[Brief]: What follows is a set of records. Repeat them word for word.
Listed records START
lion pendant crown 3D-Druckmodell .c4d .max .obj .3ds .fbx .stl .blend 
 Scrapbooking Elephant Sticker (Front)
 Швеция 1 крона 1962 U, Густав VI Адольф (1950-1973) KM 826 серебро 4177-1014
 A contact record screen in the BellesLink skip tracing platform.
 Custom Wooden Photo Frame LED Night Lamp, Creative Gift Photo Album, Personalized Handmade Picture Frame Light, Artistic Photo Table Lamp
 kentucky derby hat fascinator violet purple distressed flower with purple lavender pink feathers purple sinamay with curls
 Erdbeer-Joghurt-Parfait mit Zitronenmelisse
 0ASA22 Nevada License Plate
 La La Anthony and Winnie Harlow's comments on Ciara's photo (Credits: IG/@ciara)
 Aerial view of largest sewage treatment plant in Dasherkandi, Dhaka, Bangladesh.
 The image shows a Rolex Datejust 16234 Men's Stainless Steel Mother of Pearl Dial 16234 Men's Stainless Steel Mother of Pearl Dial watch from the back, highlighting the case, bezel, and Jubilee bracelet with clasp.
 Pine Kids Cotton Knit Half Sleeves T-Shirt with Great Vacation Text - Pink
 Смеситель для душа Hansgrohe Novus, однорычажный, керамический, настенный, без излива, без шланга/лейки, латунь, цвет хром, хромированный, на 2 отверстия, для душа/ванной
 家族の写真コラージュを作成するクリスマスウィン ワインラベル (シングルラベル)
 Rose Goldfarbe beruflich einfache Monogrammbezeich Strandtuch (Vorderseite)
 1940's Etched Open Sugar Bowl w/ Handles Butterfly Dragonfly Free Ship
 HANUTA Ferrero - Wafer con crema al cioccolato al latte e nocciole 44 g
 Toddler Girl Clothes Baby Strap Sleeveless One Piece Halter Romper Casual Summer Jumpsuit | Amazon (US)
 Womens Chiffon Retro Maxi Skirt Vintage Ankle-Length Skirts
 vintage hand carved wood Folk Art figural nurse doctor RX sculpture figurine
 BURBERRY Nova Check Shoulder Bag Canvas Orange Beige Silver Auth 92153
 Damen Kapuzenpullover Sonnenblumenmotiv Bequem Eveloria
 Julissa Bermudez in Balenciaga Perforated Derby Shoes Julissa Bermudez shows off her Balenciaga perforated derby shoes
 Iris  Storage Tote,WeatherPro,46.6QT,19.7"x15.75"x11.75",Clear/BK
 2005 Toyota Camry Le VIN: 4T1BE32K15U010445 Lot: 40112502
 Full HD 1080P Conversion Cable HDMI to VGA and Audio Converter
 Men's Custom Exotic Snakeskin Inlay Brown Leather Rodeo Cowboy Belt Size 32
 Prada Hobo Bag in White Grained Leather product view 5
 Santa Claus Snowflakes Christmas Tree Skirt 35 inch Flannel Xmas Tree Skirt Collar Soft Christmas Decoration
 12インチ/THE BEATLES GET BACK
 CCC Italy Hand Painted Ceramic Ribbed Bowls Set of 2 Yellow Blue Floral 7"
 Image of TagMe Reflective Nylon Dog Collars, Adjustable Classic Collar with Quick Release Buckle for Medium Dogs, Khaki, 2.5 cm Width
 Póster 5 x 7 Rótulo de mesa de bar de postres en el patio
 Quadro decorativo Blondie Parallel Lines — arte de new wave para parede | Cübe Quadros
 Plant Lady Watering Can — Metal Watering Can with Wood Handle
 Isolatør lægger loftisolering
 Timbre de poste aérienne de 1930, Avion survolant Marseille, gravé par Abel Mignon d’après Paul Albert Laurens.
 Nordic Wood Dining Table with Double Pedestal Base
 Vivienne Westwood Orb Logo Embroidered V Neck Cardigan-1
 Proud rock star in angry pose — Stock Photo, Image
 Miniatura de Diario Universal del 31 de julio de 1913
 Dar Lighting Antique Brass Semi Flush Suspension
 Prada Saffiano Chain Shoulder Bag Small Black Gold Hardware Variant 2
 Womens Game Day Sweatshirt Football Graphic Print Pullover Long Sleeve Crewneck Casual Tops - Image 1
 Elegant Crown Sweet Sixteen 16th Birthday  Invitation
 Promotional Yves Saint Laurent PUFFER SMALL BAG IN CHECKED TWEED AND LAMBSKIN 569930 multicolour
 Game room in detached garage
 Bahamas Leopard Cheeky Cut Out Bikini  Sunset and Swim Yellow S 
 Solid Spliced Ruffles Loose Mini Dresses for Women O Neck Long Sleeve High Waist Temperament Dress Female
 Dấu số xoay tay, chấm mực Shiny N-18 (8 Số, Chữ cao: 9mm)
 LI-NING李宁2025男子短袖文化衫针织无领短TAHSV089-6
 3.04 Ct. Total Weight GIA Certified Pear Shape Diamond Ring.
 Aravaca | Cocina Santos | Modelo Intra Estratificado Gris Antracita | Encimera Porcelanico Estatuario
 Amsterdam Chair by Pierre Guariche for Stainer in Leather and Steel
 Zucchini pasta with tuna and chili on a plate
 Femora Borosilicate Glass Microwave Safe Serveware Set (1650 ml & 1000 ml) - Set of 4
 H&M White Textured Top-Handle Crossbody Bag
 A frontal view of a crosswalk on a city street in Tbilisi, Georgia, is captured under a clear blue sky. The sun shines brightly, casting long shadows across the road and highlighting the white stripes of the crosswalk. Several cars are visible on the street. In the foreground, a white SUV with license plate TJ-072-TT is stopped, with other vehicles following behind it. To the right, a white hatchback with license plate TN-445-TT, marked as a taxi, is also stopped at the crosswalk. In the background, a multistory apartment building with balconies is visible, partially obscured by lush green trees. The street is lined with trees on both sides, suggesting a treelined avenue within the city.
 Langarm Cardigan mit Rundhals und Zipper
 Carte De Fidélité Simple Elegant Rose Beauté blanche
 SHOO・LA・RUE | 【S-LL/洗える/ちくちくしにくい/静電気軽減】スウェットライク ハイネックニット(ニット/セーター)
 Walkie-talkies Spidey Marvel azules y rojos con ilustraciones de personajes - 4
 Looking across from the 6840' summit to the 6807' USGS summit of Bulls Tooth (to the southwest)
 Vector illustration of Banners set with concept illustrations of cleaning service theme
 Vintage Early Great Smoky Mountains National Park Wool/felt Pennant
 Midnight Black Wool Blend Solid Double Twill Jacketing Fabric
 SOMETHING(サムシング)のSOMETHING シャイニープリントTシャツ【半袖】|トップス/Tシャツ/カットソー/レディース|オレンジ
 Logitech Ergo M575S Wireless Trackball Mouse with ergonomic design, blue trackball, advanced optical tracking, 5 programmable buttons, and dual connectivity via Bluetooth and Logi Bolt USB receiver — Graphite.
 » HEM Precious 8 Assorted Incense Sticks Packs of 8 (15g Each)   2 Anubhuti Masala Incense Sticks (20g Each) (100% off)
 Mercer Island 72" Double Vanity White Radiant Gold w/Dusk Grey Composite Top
Listed records END
[Answer to the exercise]:
lion pendant crown 3D-Druckmodell .c4d .max .obj .3ds .fbx .stl .blend 
 Scrapbooking Elephant Sticker (Front)
 Швеция 1 крона 1962 U, Густав VI Адольф (1950-1973) KM 826 серебро 4177-1014
 A contact record screen in the BellesLink skip tracing platform.
 Custom Wooden Photo Frame LED Night Lamp, Creative Gift Photo Album, Personalized Handmade Picture Frame Light, Artistic Photo Table Lamp
 kentucky derby hat fascinator violet purple distressed flower with purple lavender pink feathers purple sinamay with curls
 Erdbeer-Joghurt-Parfait mit Zitronenmelisse
 0ASA22 Nevada License Plate
 La La Anthony and Winnie Harlow's comments on Ciara's photo (Credits: IG/@ciara)
 Aerial view of largest sewage treatment plant in Dasherkandi, Dhaka, Bangladesh.
 The image shows a Rolex Datejust 16234 Men's Stainless Steel Mother of Pearl Dial 16234 Men's Stainless Steel Mother of Pearl Dial watch from the back, highlighting the case, bezel, and Jubilee bracelet with clasp.
 Pine Kids Cotton Knit Half Sleeves T-Shirt with Great Vacation Text - Pink
 Смеситель для душа Hansgrohe Novus, однорычажный, керамический, настенный, без излива, без шланга/лейки, латунь, цвет хром, хромированный, на 2 отверстия, для душа/ванной
 家族の写真コラージュを作成するクリスマスウィン ワインラベル (シングルラベル)
 Rose Goldfarbe beruflich einfache Monogrammbezeich Strandtuch (Vorderseite)
 1940's Etched Open Sugar Bowl w/ Handles Butterfly Dragonfly Free Ship
 HANUTA Ferrero - Wafer con crema al cioccolato al latte e nocciole 44 g
 Toddler Girl Clothes Baby Strap Sleeveless One Piece Halter Romper Casual Summer Jumpsuit | Amazon (US)
 Womens Chiffon Retro Maxi Skirt Vintage Ankle-Length Skirts
 vintage hand carved wood Folk Art figural nurse doctor RX sculpture figurine
 BURBERRY Nova Check Shoulder Bag Canvas Orange Beige Silver Auth 92153
 Damen Kapuzenpullover Sonnenblumenmotiv Bequem Eveloria
 Julissa Bermudez in Balenciaga Perforated Derby Shoes Julissa Bermudez shows off her Balenciaga perforated derby shoes
 Iris  Storage Tote,WeatherPro,46.6QT,19.7"x15.75"x11.75",Clear/BK
 2005 Toyota Camry Le VIN: 4T1BE32K15U010445 Lot: 40112502
 Full HD 1080P Conversion Cable HDMI to VGA and Audio Converter
 Men's Custom Exotic Snakeskin Inlay Brown Leather Rodeo Cowboy Belt Size 32
 Prada Hobo Bag in White Grained Leather product view 5
 Santa Claus Snowflakes Christmas Tree Skirt 35 inch Flannel Xmas Tree Skirt Collar Soft Christmas Decoration
 12インチ/THE BEATLES GET BACK
 CCC Italy Hand Painted Ceramic Ribbed Bowls Set of 2 Yellow Blue Floral 7"
 Image of TagMe Reflective Nylon Dog Collars, Adjustable Classic Collar with Quick Release Buckle for Medium Dogs, Khaki, 2.5 cm Width
 Póster 5 x 7 Rótulo de mesa de bar de postres en el patio
 Quadro decorativo Blondie Parallel Lines — arte de new wave para parede | Cübe Quadros
 Plant Lady Watering Can — Metal Watering Can with Wood Handle
 Isolatør lægger loftisolering
 Timbre de poste aérienne de 1930, Avion survolant Marseille, gravé par Abel Mignon d’après Paul Albert Laurens.
 Nordic Wood Dining Table with Double Pedestal Base
 Vivienne Westwood Orb Logo Embroidered V Neck Cardigan-1
 Proud rock star in angry pose — Stock Photo, Image
 Miniatura de Diario Universal del 31 de julio de 1913
 Dar Lighting Antique Brass Semi Flush Suspension
 Prada Saffiano Chain Shoulder Bag Small Black Gold Hardware Variant 2
 Womens Game Day Sweatshirt Football Graphic Print Pullover Long Sleeve Crewneck Casual Tops - Image 1
 Elegant Crown Sweet Sixteen 16th Birthday  Invitation
 Promotional Yves Saint Laurent PUFFER SMALL BAG IN CHECKED TWEED AND LAMBSKIN 569930 multicolour
 Game room in detached garage
 Bahamas Leopard Cheeky Cut Out Bikini  Sunset and Swim Yellow S 
 Solid Spliced Ruffles Loose Mini Dresses for Women O Neck Long Sleeve High Waist Temperament Dress Female
 Dấu số xoay tay, chấm mực Shiny N-18 (8 Số, Chữ cao: 9mm)
 LI-NING李宁2025男子短袖文化衫针织无领短TAHSV089-6
 3.04 Ct. Total Weight GIA Certified Pear Shape Diamond Ring.
 Aravaca | Cocina Santos | Modelo Intra Estratificado Gris Antracita | Encimera Porcelanico Estatuario
 Amsterdam Chair by Pierre Guariche for Stainer in Leather and Steel
 Zucchini pasta with tuna and chili on a plate
 Femora Borosilicate Glass Microwave Safe Serveware Set (1650 ml & 1000 ml) - Set of 4
 H&M White Textured Top-Handle Crossbody Bag
 A frontal view of a crosswalk on a city street in Tbilisi, Georgia, is captured under a clear blue sky. The sun shines brightly, casting long shadows across the road and highlighting the white stripes of the crosswalk. Several cars are visible on the street. In the foreground, a white SUV with license plate TJ-072-TT is stopped, with other vehicles following behind it. To the right, a white hatchback with license plate TN-445-TT, marked as a taxi, is also stopped at the crosswalk. In the background, a multistory apartment building with balconies is visible, partially obscured by lush green trees. The street is lined with trees on both sides, suggesting a treelined avenue within the city.
 Langarm Cardigan mit Rundhals und Zipper
 Carte De Fidélité Simple Elegant Rose Beauté blanche
 SHOO・LA・RUE | 【S-LL/洗える/ちくちくしにくい/静電気軽減】スウェットライク ハイネックニット(ニット/セーター)
 Walkie-talkies Spidey Marvel azules y rojos con ilustraciones de personajes - 4
 Looking across from the 6840' summit to the 6807' USGS summit of Bulls Tooth (to the southwest)
 Vector illustration of Banners set with concept illustrations of cleaning service theme
 Vintage Early Great Smoky Mountains National Park Wool/felt Pennant
 Midnight Black Wool Blend Solid Double Twill Jacketing Fabric
 SOMETHING(サムシング)のSOMETHING シャイニープリントTシャツ【半袖】|トップス/Tシャツ/カットソー/レディース|オレンジ
 Logitech Ergo M575S Wireless Trackball Mouse with ergonomic design, blue trackball, advanced optical tracking, 5 programmable buttons, and dual connectivity via Bluetooth and Logi Bolt USB receiver — Graphite.
 » HEM Precious 8 Assorted Incense Sticks Packs of 8 (15g Each)   2 Anubhuti Masala Incense Sticks (20g Each) (100% off)
 Mercer Island 72" Double Vanity White Radiant Gold w/Dusk Grey Composite Top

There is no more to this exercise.